Introduction

Arka River is the most important inland water resource for agricultural needs in the Akkar flatland, located in North Lebanon. Known for its wide-ranging agricultural activities, the Akkar agricultural area, equivalent to 15 and 14% of the total Lebanese usable agricultural areas and irrigated agricultural areas, respectively (ECODIT Liban 2015), constitutes the main supply for socioeconomic development in the region. However, excessive urbanization, growing industrial and agricultural activities, and excessive market demand have caused an over-exploitation of water resources. Consequently, their quality is more and more threatened by numerous pollutants from both natural and anthropogenic sources, raising doubts about their availability and impairing their proper use for irrigation purposes (Varol et al. 2012).

In Lebanon, following the rapidly growing awareness about surface water quality and its impacts on public health, reliable assessments are more and more required to guarantee better water management systems (Daou et al. 2013; Razmkhah et al. 2010). In order to deal with this situation and to promote sustainable agriculture, the quality of water used for agricultural purposes needs to be closely monitored (Haddad and Lindner 2001). This assessment is generally carried out by a follow-up of water quality, through the measurement of several physicochemical and microbiological parameters, in different control locations and at periodic times (Razmkhah et al. 2010). This kind of studies can provide useful information on irrigation water and thus enables a proper evaluation of its quality deterioration and its implication on agricultural productivity (Mohammad Rusan et al. 2007; Rattan et al. 2005; Xu et al. 2010). On the other hand, the impacts of agricultural practices and/or climatic changes on water quality are to be evaluated as well (Sun et al. 2015; Wang et al. 2013).
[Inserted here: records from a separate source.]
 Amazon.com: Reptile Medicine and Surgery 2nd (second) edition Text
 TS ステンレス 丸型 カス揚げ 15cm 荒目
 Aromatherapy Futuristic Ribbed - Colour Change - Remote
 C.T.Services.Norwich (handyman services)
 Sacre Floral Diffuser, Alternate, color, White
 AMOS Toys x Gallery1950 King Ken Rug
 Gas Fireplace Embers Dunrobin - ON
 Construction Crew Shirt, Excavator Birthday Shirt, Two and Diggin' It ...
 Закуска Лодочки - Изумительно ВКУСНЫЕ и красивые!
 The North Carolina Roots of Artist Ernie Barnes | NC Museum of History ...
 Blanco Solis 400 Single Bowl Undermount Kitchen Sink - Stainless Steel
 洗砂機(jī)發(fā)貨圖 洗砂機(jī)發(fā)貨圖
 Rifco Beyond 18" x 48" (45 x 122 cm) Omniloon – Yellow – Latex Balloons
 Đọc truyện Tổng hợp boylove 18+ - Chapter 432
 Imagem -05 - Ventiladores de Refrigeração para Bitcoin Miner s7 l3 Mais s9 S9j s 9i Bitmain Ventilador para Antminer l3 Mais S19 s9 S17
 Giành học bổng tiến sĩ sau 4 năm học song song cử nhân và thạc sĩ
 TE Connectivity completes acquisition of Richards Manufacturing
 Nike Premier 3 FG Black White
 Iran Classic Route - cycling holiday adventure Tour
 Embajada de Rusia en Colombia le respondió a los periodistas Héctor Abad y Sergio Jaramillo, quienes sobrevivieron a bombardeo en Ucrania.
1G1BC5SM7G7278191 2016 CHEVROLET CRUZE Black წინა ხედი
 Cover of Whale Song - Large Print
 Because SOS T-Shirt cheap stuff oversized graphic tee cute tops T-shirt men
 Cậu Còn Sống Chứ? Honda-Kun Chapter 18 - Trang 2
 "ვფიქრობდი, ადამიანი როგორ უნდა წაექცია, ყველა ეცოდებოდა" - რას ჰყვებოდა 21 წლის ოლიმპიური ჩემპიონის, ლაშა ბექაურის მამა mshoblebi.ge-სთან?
Moreover, and in order to avoid water scarcity and encounter water pollution from different human activities, the Food and Agriculture Organization (FAO) has recently developed quality guidelines for irrigation water. Its ambitions went further by promoting the reuse of “treated water” for irrigation purposes, enabling a sustainable development for the Middle East region and more particularly for Lebanon (Dimitri 2010).

As mentioned before, surface water quality assessments often include measurements of several parameters (physical, chemical, and biological). Furthermore, samples are collected at different sampling locations and during multiple time periods. This spatiotemporal analysis generates large and complex data sets, whose interpretation requires the use of multivariate data mining techniques (Gazzaz et al. 2012; Olsen et al. 2012). Numerous chemometric tools were used in this field, such as discriminant function analysis (DFA), cluster analysis (CA), and principal factor analysis (PFA). (Gazzaz et al. 2012; Wang et al. 2013). However, the most established technique is principal component analysis (PCA) (Fan et al. 2010; Olsen et al. 2012; Ouyang 2005; Razmkhah et al. 2010; Walker et al. 2015; Zhao et al. 2012). Therefore, it was chosen to be employed in the present work.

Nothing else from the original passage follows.